F10 Difference-in-Difference Flashcards
What are the elements of the most basic DiD design?
Two groups in two time periods - pretreatment and post treatment period (2x2)
What is the mathematical specification of a simple 2x2 design?
delta = (yt-bar^post - yt-bar^pre) - (yc-bar^post - yc-bar^pre)
In other words a difference between two differences. The temporal difference in the control group and the treatment group.
What is the central assumption?
Parallel trends assumption: Up until the intervention groups have the trajectory on an outcome of interest.
What does the parallel trends assumption mean?
The control group is used as a counterfactual development for the treatment group, as we assume they would have had parallel trends in absence of treatment.
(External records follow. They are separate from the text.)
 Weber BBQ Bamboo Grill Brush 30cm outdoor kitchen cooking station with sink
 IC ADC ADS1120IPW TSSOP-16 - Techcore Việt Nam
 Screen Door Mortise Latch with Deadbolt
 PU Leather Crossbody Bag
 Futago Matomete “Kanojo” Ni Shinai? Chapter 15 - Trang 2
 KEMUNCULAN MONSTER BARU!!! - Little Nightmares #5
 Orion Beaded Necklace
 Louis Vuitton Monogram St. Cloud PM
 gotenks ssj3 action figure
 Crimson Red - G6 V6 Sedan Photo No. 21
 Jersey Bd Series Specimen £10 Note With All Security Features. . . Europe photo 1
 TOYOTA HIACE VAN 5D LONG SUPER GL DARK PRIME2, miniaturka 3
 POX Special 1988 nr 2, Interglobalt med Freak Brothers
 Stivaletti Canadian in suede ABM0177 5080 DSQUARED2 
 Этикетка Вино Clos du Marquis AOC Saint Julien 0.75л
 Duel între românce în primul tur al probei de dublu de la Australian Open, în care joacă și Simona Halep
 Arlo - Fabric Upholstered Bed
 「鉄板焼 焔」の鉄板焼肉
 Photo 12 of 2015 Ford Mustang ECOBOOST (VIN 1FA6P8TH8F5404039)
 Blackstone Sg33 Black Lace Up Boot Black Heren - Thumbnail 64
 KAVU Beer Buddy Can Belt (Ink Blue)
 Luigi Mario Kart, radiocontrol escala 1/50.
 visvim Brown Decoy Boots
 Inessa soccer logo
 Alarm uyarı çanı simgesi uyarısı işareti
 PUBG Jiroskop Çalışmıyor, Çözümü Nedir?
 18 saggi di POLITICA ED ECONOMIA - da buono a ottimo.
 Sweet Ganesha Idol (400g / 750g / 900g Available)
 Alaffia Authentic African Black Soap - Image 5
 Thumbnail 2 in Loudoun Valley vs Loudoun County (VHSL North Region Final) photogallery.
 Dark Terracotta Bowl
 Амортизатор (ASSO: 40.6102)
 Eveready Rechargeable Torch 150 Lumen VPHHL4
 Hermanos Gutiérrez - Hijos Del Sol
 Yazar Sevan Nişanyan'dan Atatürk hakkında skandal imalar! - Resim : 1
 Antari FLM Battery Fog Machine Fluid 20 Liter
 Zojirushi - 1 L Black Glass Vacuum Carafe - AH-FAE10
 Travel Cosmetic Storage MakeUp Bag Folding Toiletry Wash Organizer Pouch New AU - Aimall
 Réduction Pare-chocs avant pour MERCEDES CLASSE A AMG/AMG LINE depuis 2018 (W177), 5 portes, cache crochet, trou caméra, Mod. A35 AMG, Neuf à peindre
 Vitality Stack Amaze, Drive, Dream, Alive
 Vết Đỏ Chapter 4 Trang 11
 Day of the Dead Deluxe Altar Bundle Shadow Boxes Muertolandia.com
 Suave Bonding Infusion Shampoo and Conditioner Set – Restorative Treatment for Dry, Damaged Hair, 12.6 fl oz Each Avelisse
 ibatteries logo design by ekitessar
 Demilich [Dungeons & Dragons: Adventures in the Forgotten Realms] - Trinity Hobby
What type of effekt are we estimating?
ATT: Average treatment effect on the treated.
What is the regression for a simple 2x2 DiD? And what do the different parts express?
Y = α + λT + γD + δTD + ε
α: Control in pretreatment
α + λ: Control in post treatment
α + γ: Treatment in pretreatment
α + λ + γ + δ: Treatment in post treatment
What is a triple DiD?
Three dimensions. Not only between time and unit but also within a unit (e.g. subpopulations, locations, or policies)
8 groups are now relevant e.g. control group pretreatment high income.
How does a regression for a triple DiD look?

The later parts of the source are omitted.